Recorded information:
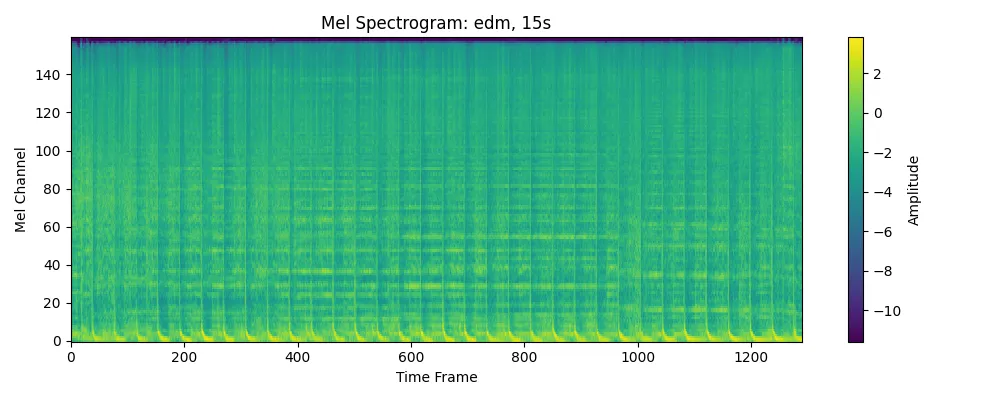 Spectrogram of Sample 4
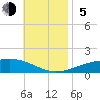 St Andrew Bay (Channel Entrance) tide chart for Sunday, November 5, 2023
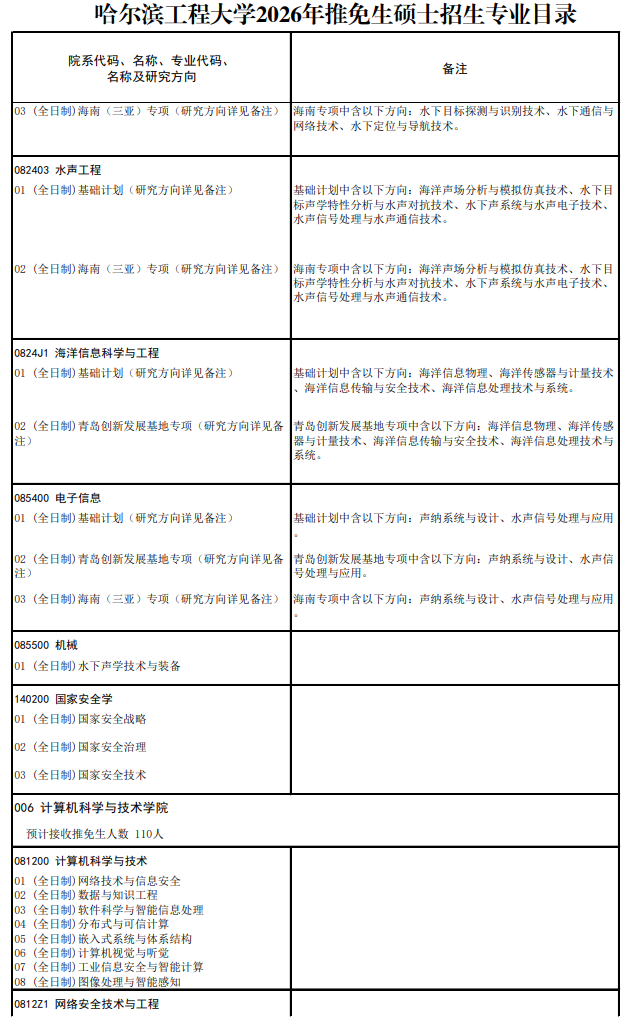 哈尔滨工程大学2026年推免生硕士招生专业目录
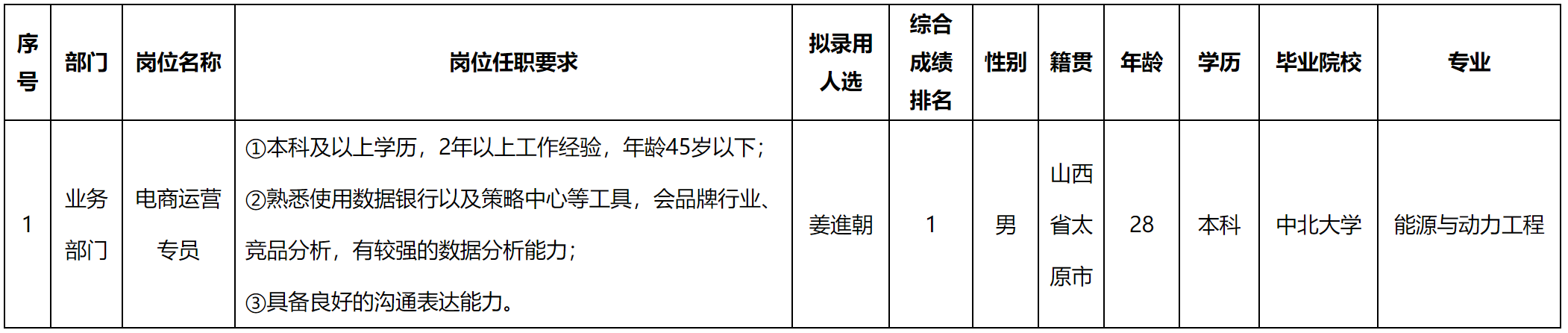 電商.png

The task: Every line of the material must be repeated exactly; pictures stay out.

Answer space:
 Spectrogram of Sample 4
 St Andrew Bay (Channel Entrance) tide chart for Sunday, November 5, 2023
 哈尔滨工程大学2026年推免生硕士招生专业目录
 電商.png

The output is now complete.